_Dataset content_
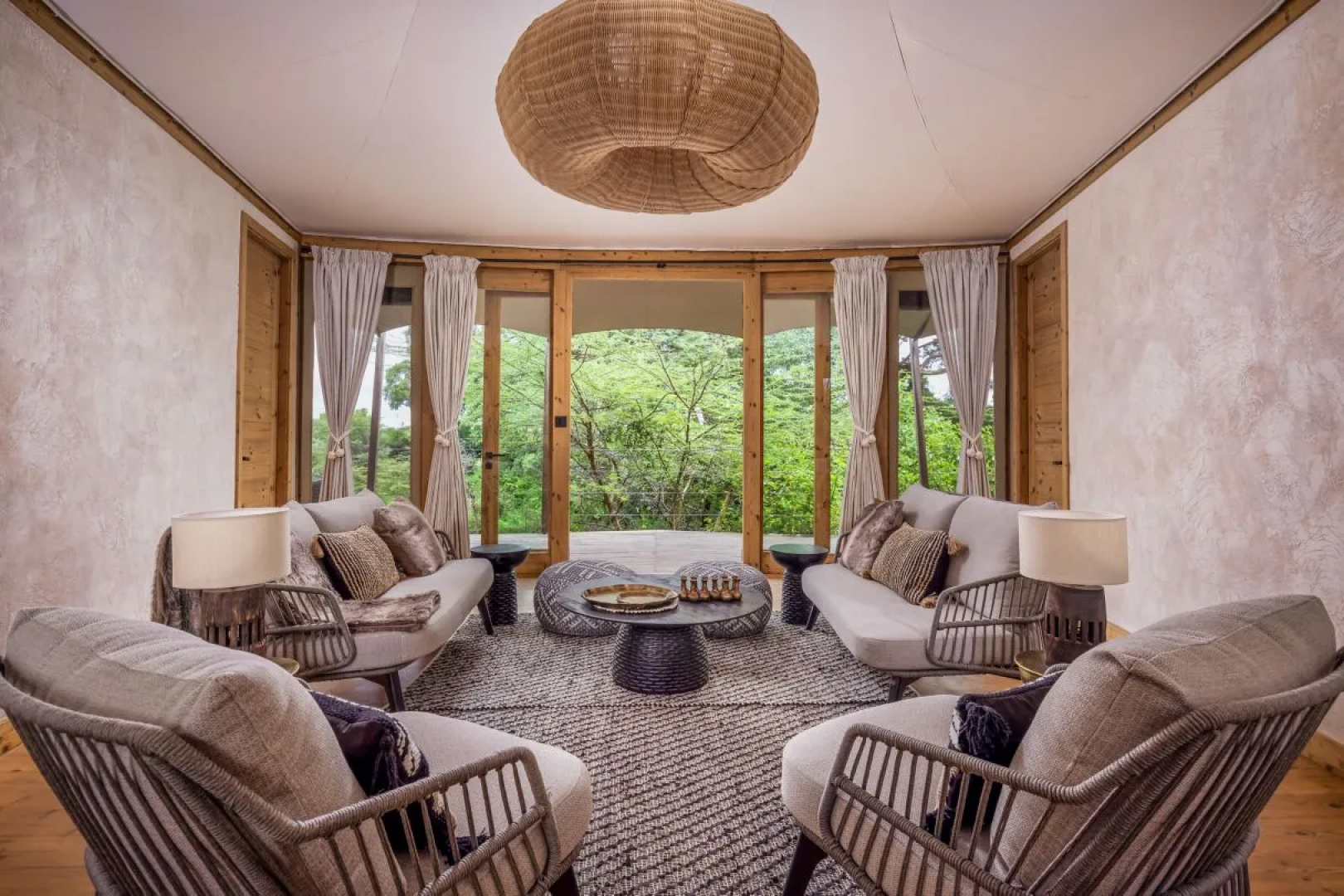 JW Marriott Masai Mara Lodge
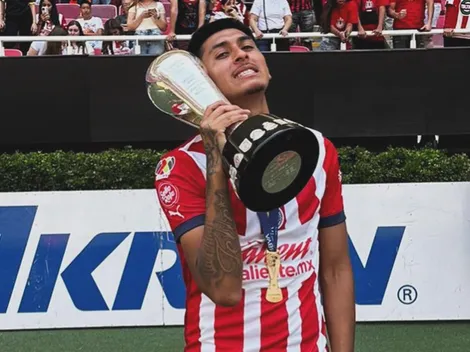 Brandon Téllez révela cómo lleva su adaptación en Liga MX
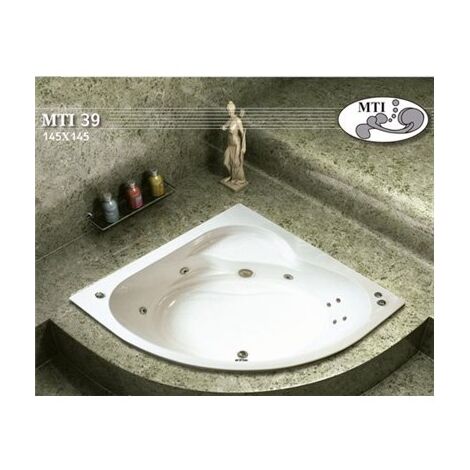 אמבטיה  פינתית MTI MTI-39 למכירה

_What to produce_
Word for word, restate the lines from the line containing "Brandon Téllez révela" through the end of the data, including the first and last of them. Pictures stay out.

_Response below_
 Brandon Téllez révela cómo lleva su adaptación en Liga MX
 אמבטיה  פינתית MTI MTI-39 למכירה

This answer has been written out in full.